A COP30, que acontece daqui a um mês, passa a exigir do governo brasileiro um grande esforço de comunicação para debelar a desinformação que domina o tema, com a prevalência das críticas à falta de hotéis e ao custo da hospedagem para europeu em Belém.
Marina Silva recebeu a iniciativa Redes Cordiais na última quinta-feira (9), juntando os mais ativos criadores de conteúdo, influenciadores e cabeças de rede no esforço de comunicar o que já foi feito pelo Brasil para recepcionar a conferência, além de indicar o principal compromisso que a ministra do Meio Ambiente espera obter desse megaevento na amazônia: o anúncio do TFFF (Fundo Florestas Tropicais para Sempre), alçado a até cerca de R$ 1,3 trilhão.
Com a fuga dos países ricos e a saída dos Estados Unidos do Acordo de Paris, o TFFF aparece como âncora daquela COP que teria a missão de também salvar a amazônia.

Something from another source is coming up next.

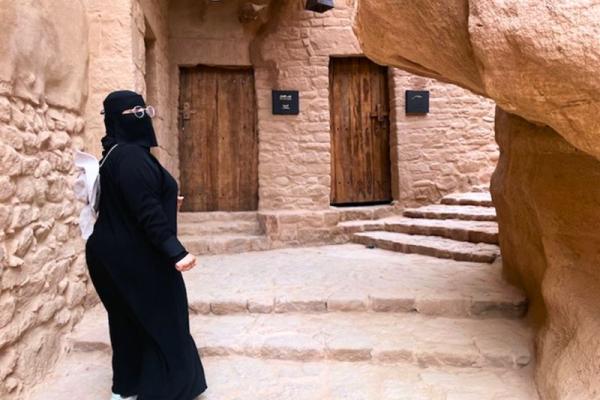 Hlinené mesto v oáze AlUla a miestna sprievodkyňa v čiernej abáji.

O modo inquestionável do mito corporativo lança puxadinhos em todas as direções, criando soluções temporárias para conflitos insolúveis, como a afirmação de que a reciclagem aplicada como ferramenta da sustentabilidade irá criar as "condições necessárias" para a solução dos mesmos insolúveis conflitos de ordem natural —e tome o neoliberalismo como religião global, acima das relações entre povos e nações, e o capital paira como entidade sobrenatural sobre nossas cabeças.

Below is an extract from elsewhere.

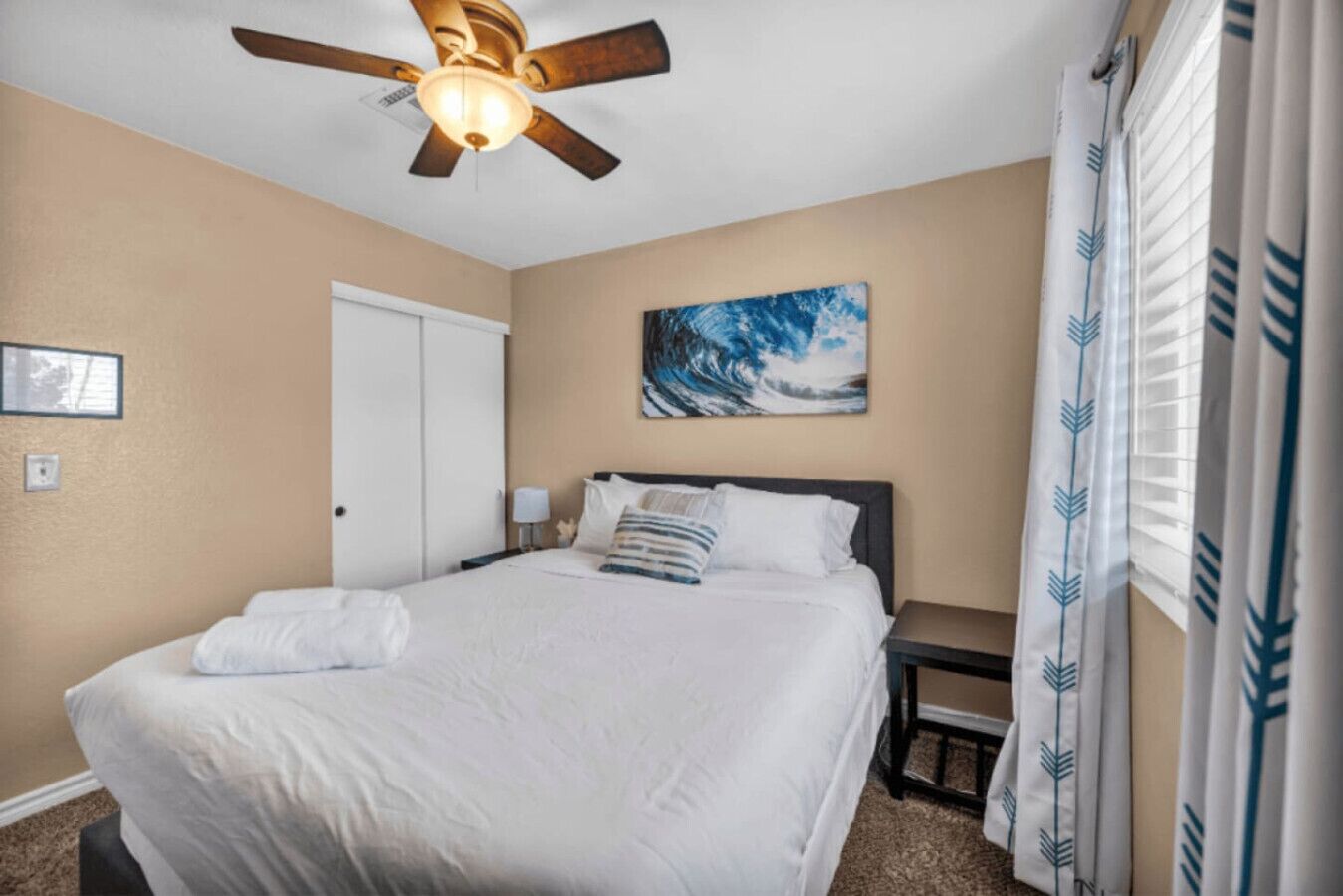 A hotel room with a bed, a ceiling fan, a painting, and a window with curtains.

O deus mercado se organiza em religião e toda demanda pode ser decidida com taxação e bloqueio da movimentação financeira dos infiéis ou hereges. Quem ou o que estabelece prioridade global em relação às questões levantadas por Milan Kundera e o relatório Brundtland, na década de 1980, e segue determinado as regras do jogo de busca ao tesouro escondido no fundo do mar, da terra e do ar?